I came to work at the National Crime Prevention Council (NCPC) because I wanted my work to have meaning and make a difference in people’s lives. I get the pleasure of hearing how NCPC’s public education campaigns, trainings, and free resource material help people learn how to prevent crime or help community residents to work together with law enforcement to solve crime problems. Plus, I love being able to say that I work for McGruff the Crime Dog!
What would you recommend to the women of this country how they could raise their kids with a much deeper understanding what is “right” and what is “wrong” when it comes to intellectual property crimes?
It is important to set guidelines and use what NCPC calls, “teachable moments.” Ask them how they would feel if someone took, without their permission, their latest art project or something else they hold. Point out vendors on the street with illegal copies of CDs or DVDs. Explain that those people are causing people to lose their jobs and costing companies millions of dollars. It is also helpful to visit websites with them and show them the difference between illegal downloading and paying for the products you want.
How are families hurt or any of us individually when a crime of the intellectual property is committed?
Intellectual Property (IP) crimes can destroy jobs, suppress innovation, and jeopardize the health and safety of consumers. Counterfeit products can be harmful, and sometimes deadly, to consumers.
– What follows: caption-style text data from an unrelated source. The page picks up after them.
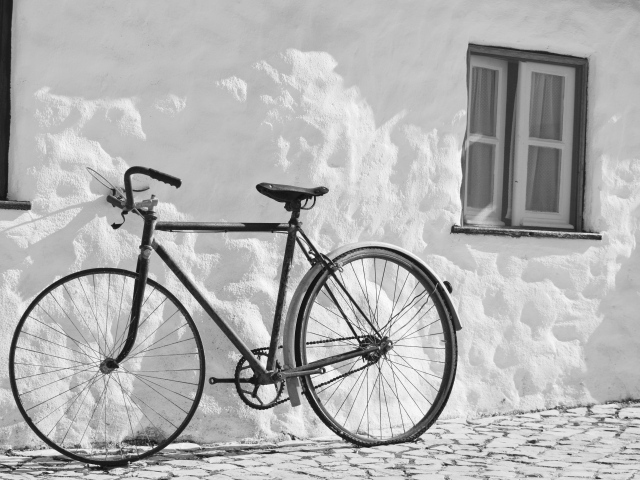 Черный велосипед стоит у белой стены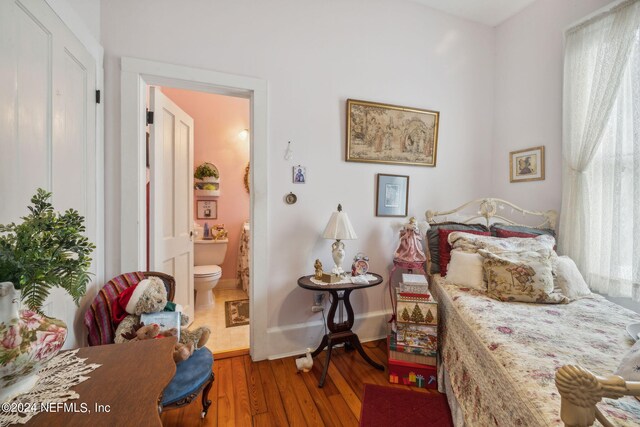 bedroom with wood-type flooring and connected bathroom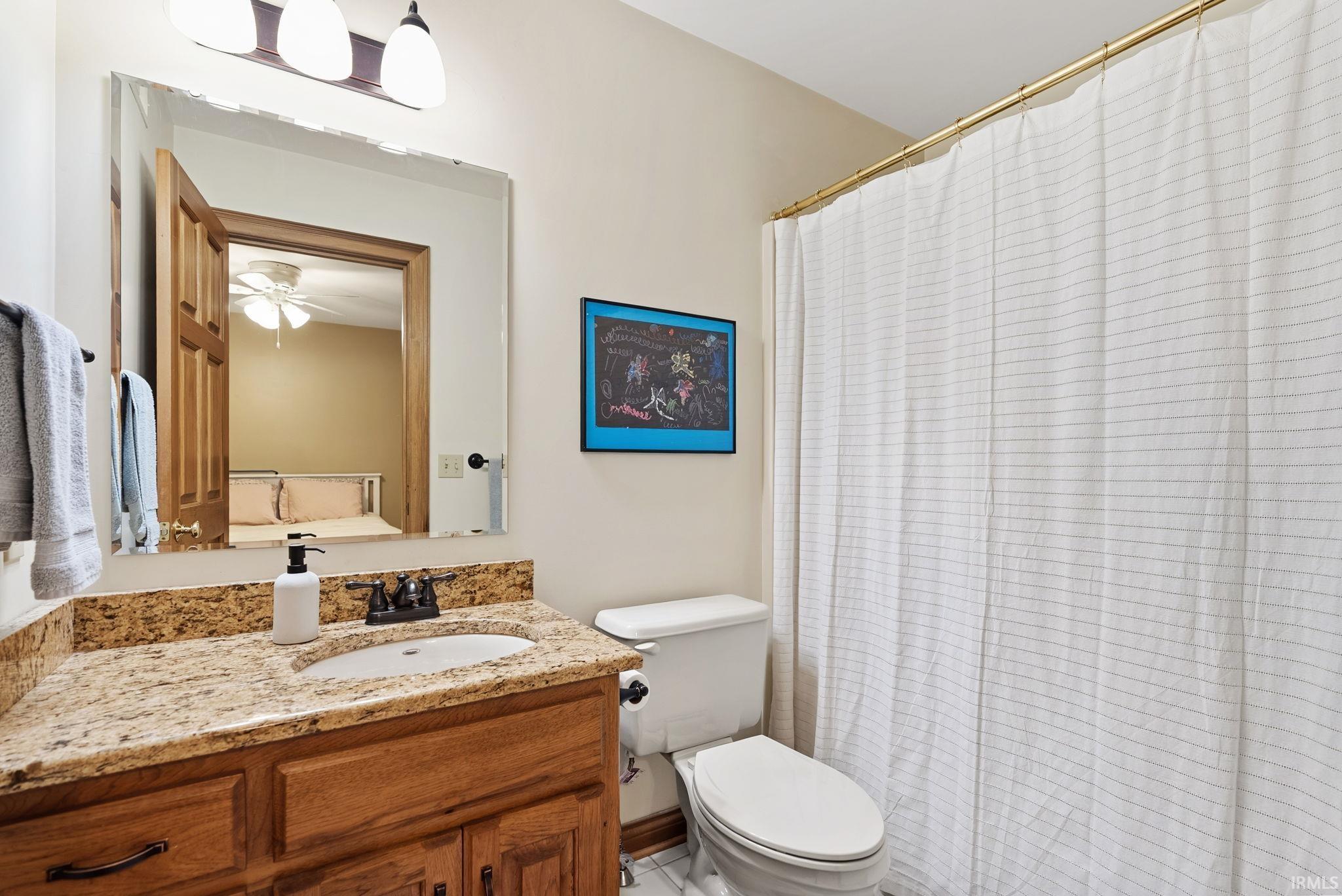 Bathroom vanity featuring a granite countertop with an undermount sink and wood cabinetry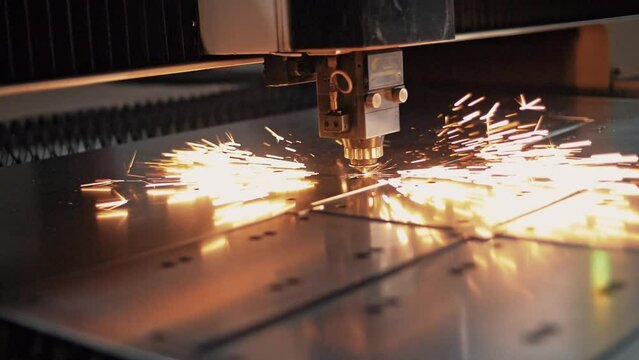 Sparks flying in slow motion from the operation of a CNC plasma cutting machine on sheet steel. Close-up 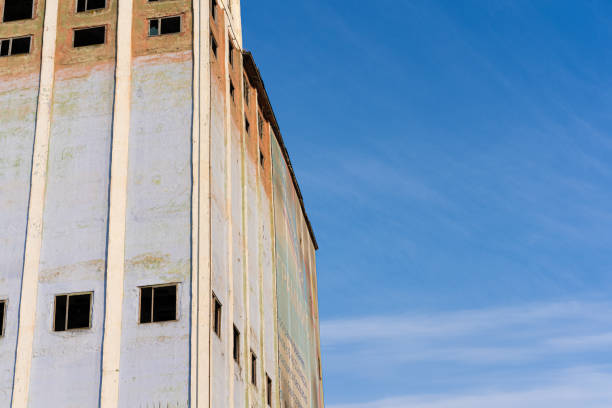 istock Old abandoned high-rise building with broken windows 1255139263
For example, antifreeze has been found in counterfeit toothpaste or medicines bought online. These products are produced and sold without regard for the consequences suffered by the consumer.
Do you think it’s in our culture that people treat this “kind” of crime as a more innocent kind of offense? Or do you think it runs deeper than that?
Intellectual property crime is anything but victimless. In fact, intellectual property crime hurts real people on many levels. I’ve heard people say, “my one purchase won’t hurt” but they fail to realize the millions of others who might be saying the same thing. We tend to forget that even one rock thrown into a pond has a ripple effect.
What is your personal positioning on how these types of crimes can be prevented? Do we have a “PreventaCare” for it?
The National Crime Prevention Council believes in awareness and education. If we can help the public understand the consequences of their actions than we can reduce demand for these products. We have been pleased to work with The White House, U.S. Department of Justice, and law enforcement at the federal, state, and local levels as well as many private companies who all understand that we must work together from both the prevention and the enforcement side if we are going to stop intellectual property theft.